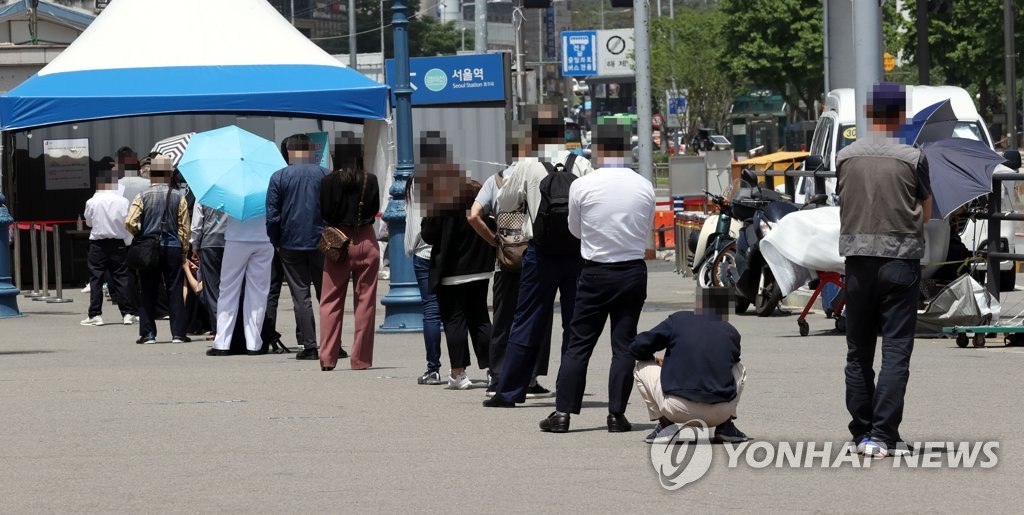 코로나19 검사 위해 줄 선 시민들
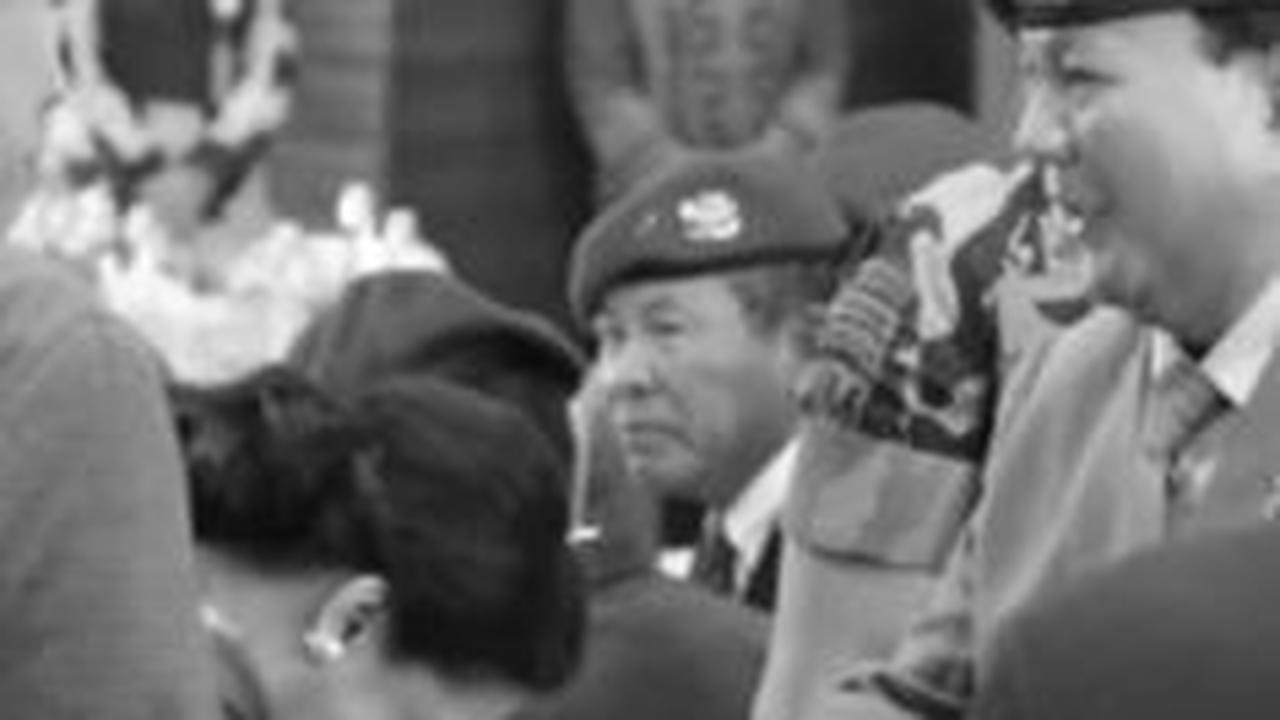 Kala itu Hetty Andika sempat akan mencium tangan Prabowo saat keduanya bertemu di sela acara.<br>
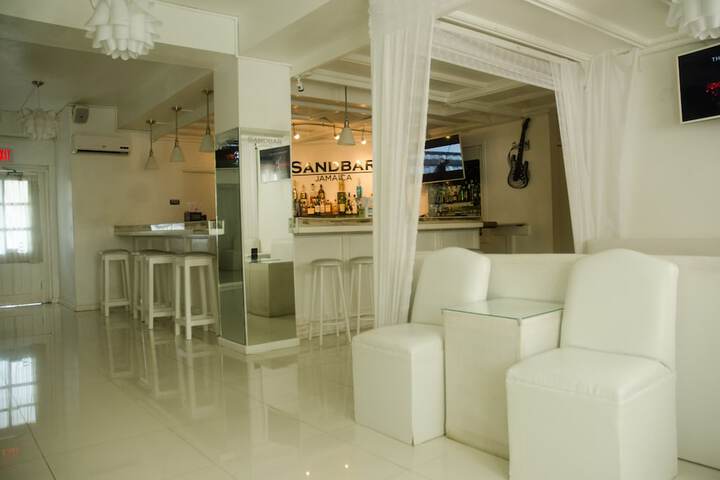 Lounge 91 of 110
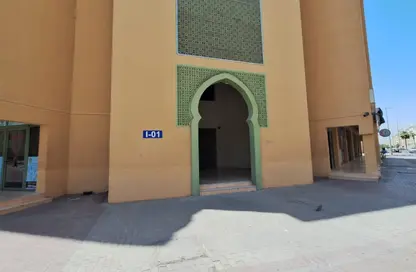 شقة - غرفة نوم - 2 حمامات للايجار في آي-11 - طراز مغربي - المدينة الدولية - دبي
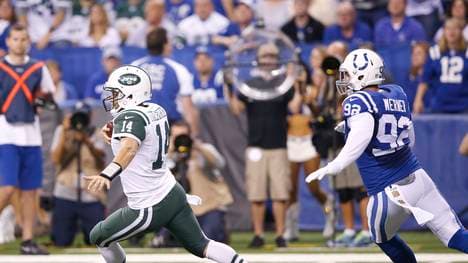 Ryan Fitzpatrick von den New York Jets enteilt Björn Werner von den Indianapolis Colts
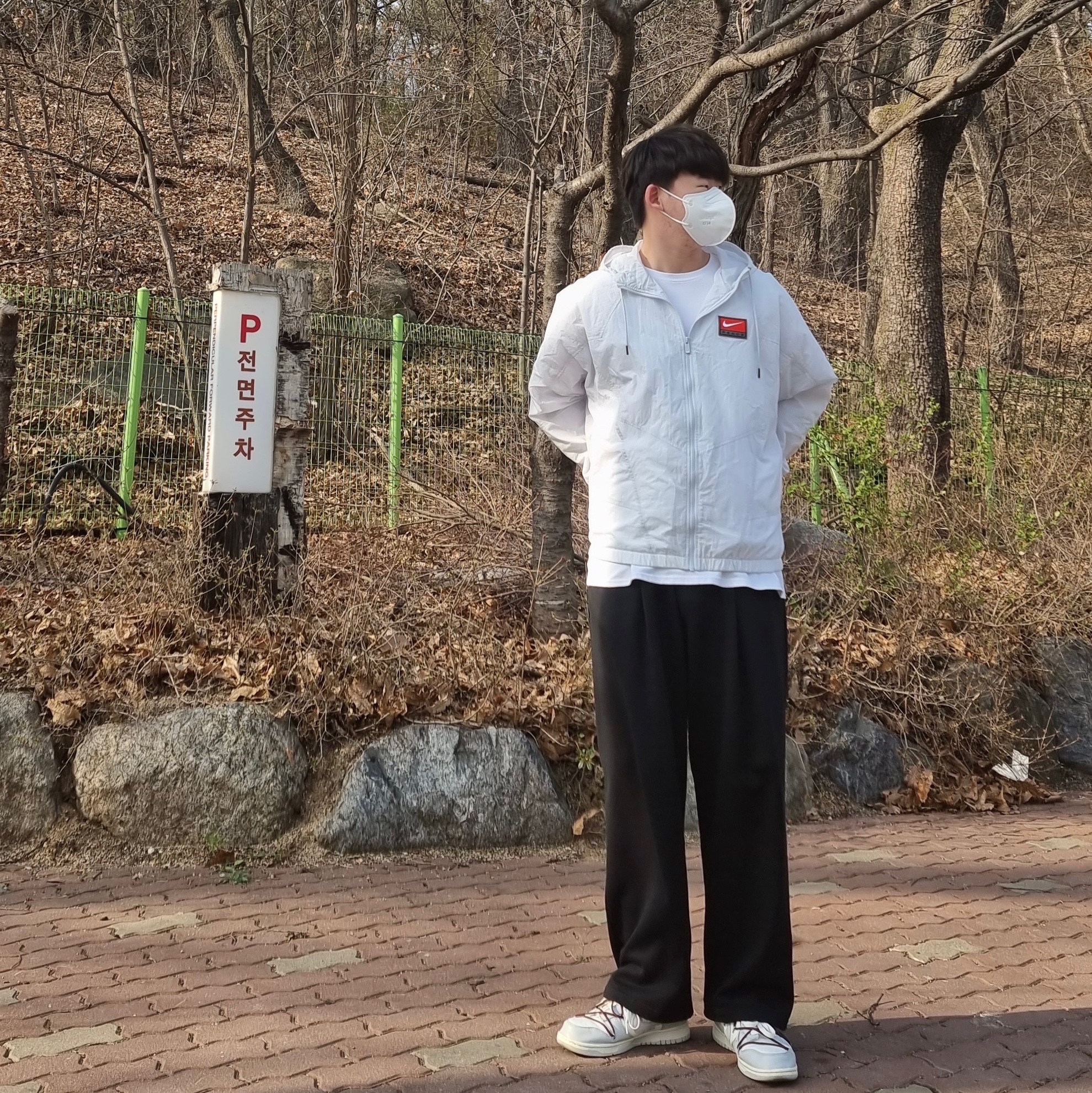 Nike x Off-White Dunk Low The 50 - Lot 46, IAB Studio x Doosan Infracore T-Shirt White 착용 스타일 - 1
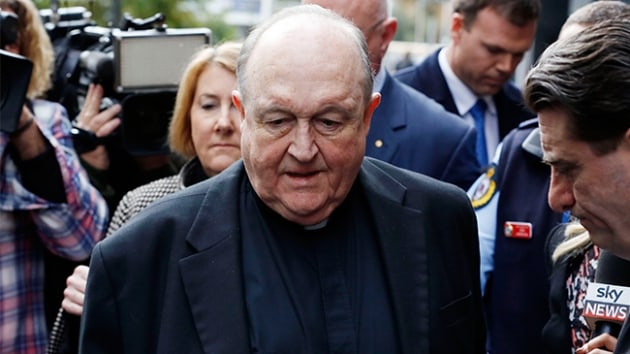 Avustralya'da ocuk istismarn gizleyen bapiskopos istifa etti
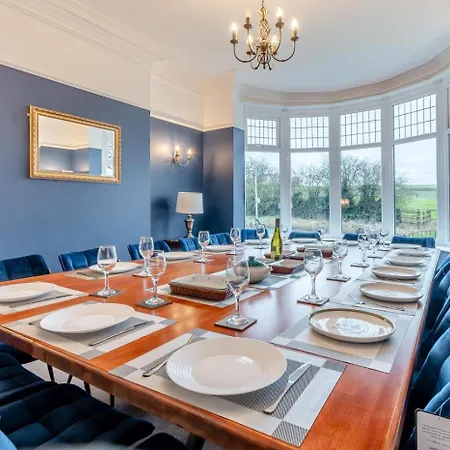 9 Bed In Oc-p30226 * Hunmanby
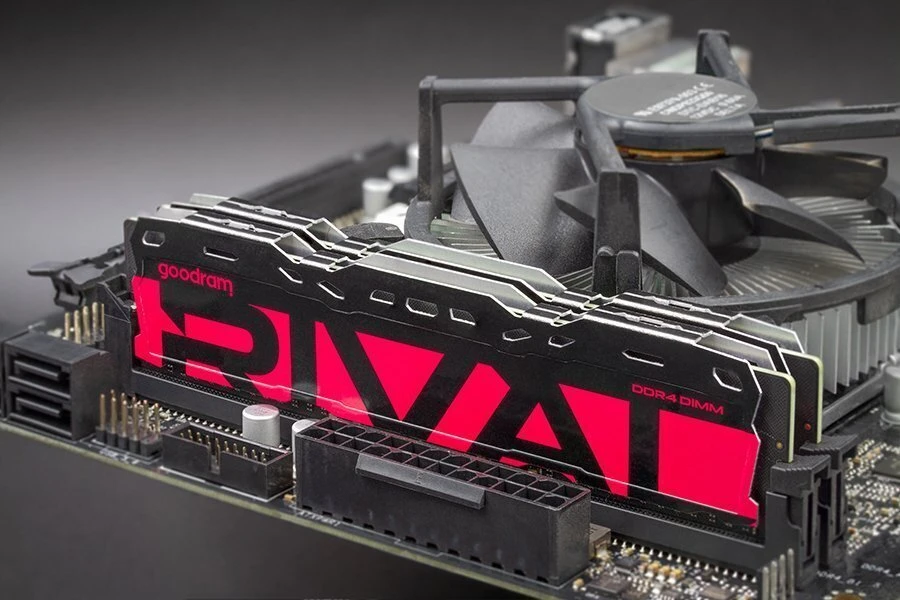 „Goodram *DDR4 Rival Radiant 8GB“ (1* 8)/3200 CL16 Raudona atminties modulis 1 x 8 GB 3200 MT/s 288 kontaktų DIMM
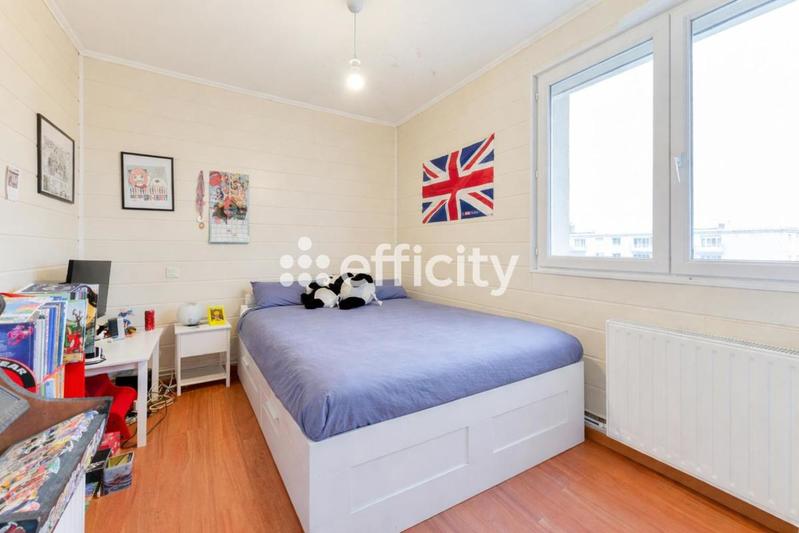 Appartement ancien - 90 m² - 4 pièces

|---|

Find the line with "Nike x Off-White". Return it and each line after it through the end of the data, exactly, without pictures.

*Your response*
 Nike x Off-White Dunk Low The 50 - Lot 46, IAB Studio x Doosan Infracore T-Shirt White 착용 스타일 - 1
 Avustralya'da ocuk istismarn gizleyen bapiskopos istifa etti
 9 Bed In Oc-p30226 * Hunmanby
 „Goodram *DDR4 Rival Radiant 8GB“ (1* 8)/3200 CL16 Raudona atminties modulis 1 x 8 GB 3200 MT/s 288 kontaktų DIMM
 Appartement ancien - 90 m² - 4 pièces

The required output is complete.